As shown in Figure 1, our GPU-FLIP framework comprises preprocessing (flow field initialization), data transfer, the FLIP parallel algorithm kernel (including particle advection, mapping of particles to grids, applying external force, grid solution, and velocity field update), and free memory.

3.2. Parallel Optimization Strategy for Particle-to-Grid Mapping (P2G)

The particle-to-grid mapping is a critical step that transfers particle attributes to the Eulerian grids. Within GPU parallel frameworks, two principal parallelization strategies are employed: gathering and scattering.
Gathering: This approach launches one thread per grid node to collect attributes from all neighboring particles within the node’s support radius.

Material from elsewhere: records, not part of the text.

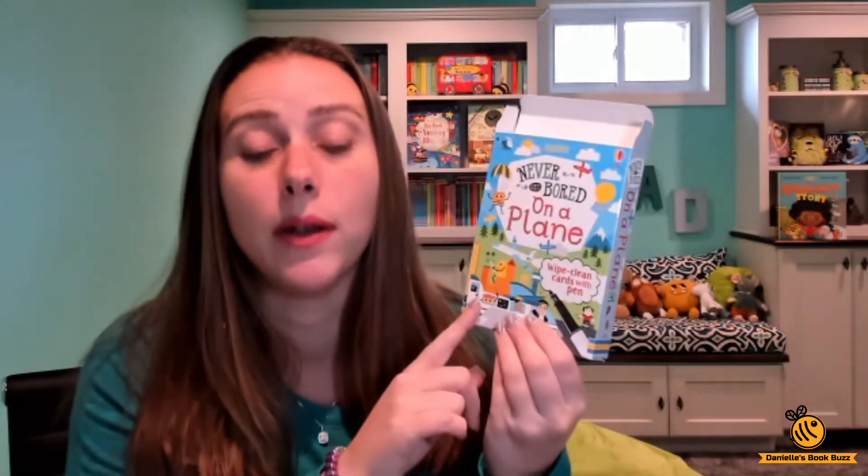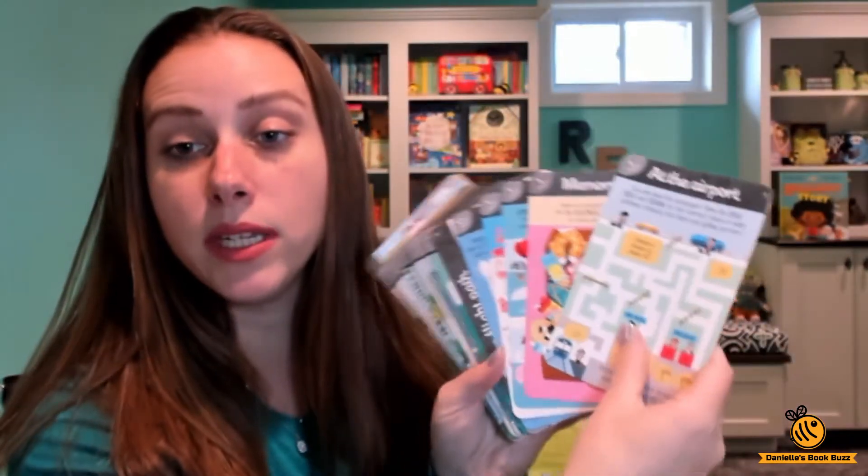The box is $9.99. There are other boxes of wipe clean cards as well, but this is the newest that came out mid-season 2020.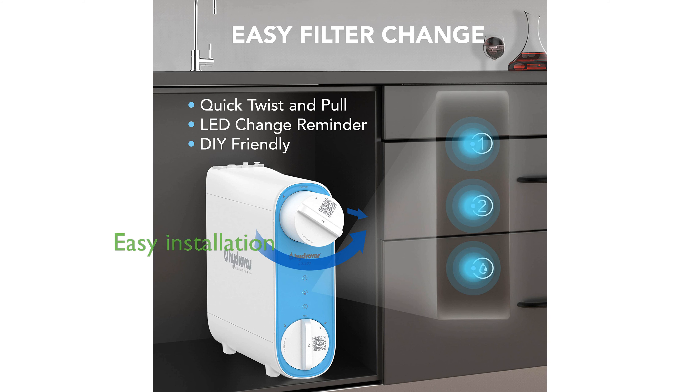Installation is straightforward with all necessary components included, making it a DIY-friendly option for homeowners.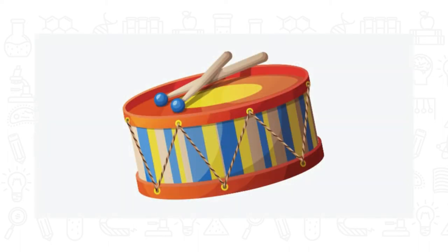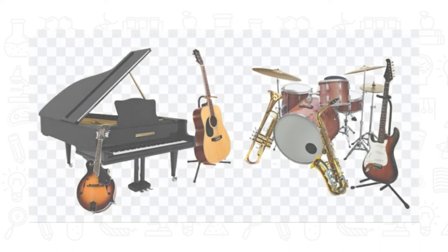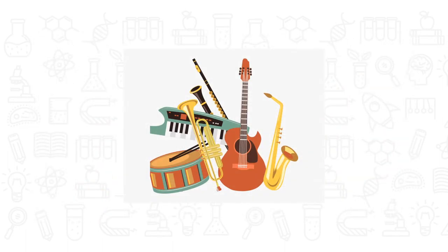Sound is made when an object vibrates. These vibrations make the air around the object vibrate. When the air vibrations reach the ear, they shake tiny hairs which are connected to nerves. These nerves send a message to the brain telling it that a noise has been heard.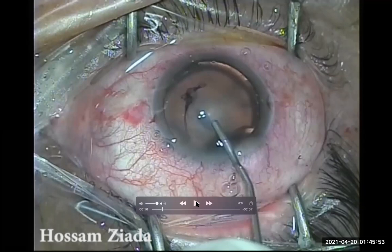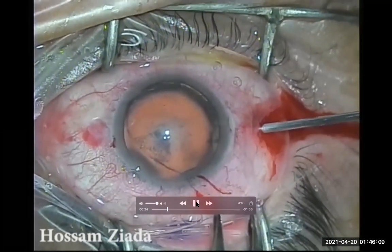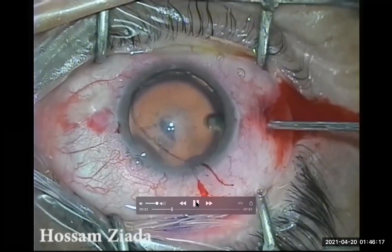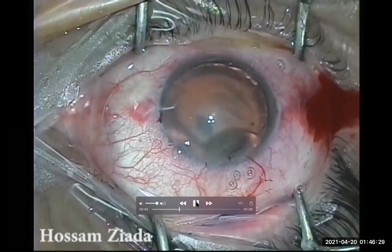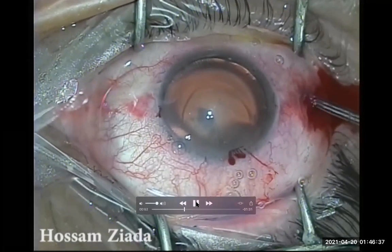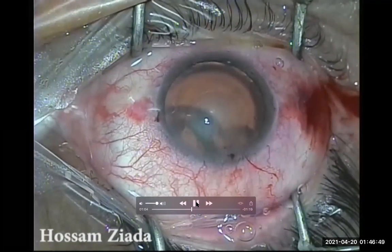The solution was analogous to the Mannitol approach — decreasing the vitreous volume — but this time directly, without medication, by performing a pars plana anterior vitrectomy. I made the pars plana incision using the MVR blade, measuring 4 mm from the cornea, being very careful to direct it downward and not touch the back of the lens. After removing just a small portion of the anterior vitreous, the intraocular pressure dropped dramatically — the cornea even started to collapse — and I now had a very good, deep anterior chamber to work with.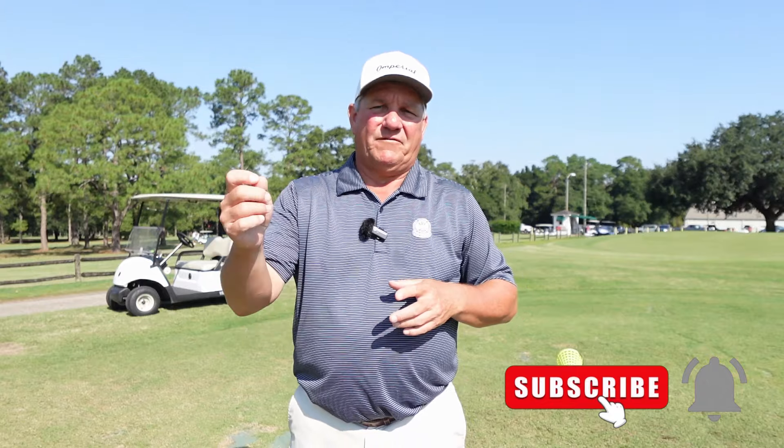Thank you all so much for coming in and watching this video. I really do appreciate it. I'm here to help you play better golf. And playing better golf does not mean hitting it as far as we possibly can — it means coming in at the end of the day with the lowest number on the scorecard. If you want to play better golf, hit that subscribe button, hit that notification bell, and drop me a comment below. Thanks a lot, y'all. Have a great day.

The method typically requires pre-building and maintaining a spatial data structure, enabling each grid node to efficiently track and access all nearby particles.

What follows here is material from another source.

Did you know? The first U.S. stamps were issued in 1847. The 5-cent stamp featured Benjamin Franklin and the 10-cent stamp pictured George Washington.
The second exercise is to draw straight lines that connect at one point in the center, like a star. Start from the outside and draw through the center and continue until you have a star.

Scattering: This method launches one thread per particle. Each thread scatters the particle’s attributes to all influenced grid nodes.

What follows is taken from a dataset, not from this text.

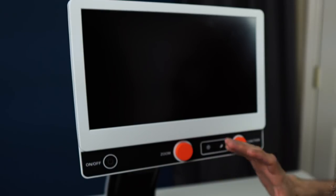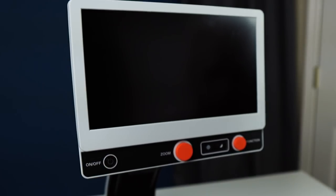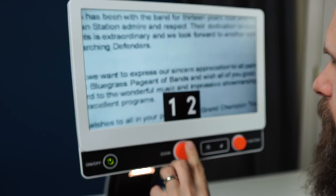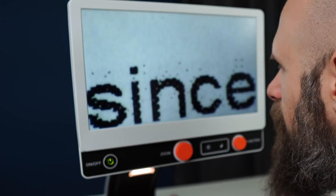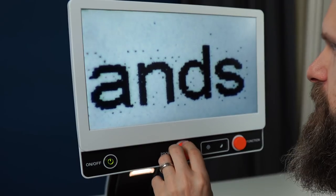Let's take a look at the controls and functions of the Zip. All the way to the left you have the power — we'll go ahead and turn it on. We have a large dial right here in the middle; this is our magnification. And that is as big as we can make it — about 22 times magnification.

For the parallel P2G step, in the scattering strategy, multiple particle threads may update the same grid node concurrently, making write conflict a critical problem, requiring atomic operation to prevent data races and ensure correctness. However, with millions of particles, write contention for grid nodes becomes severe. Unlike readily parallelizable steps like particle advection, this results in numerous atomic operations, causing thread queuing and waiting. As shown in Section 4.2.1, atomic overhead accounts for over 40% of P2G time in large-scale scenarios, and this ratio increases with particle count, severely limiting parallel efficiency. Consequently, atomic operations become the critical bottleneck to achieving higher computational performance. Therefore, optimizing P2G parallelization to eliminate or minimize atomic operation overhead is essential.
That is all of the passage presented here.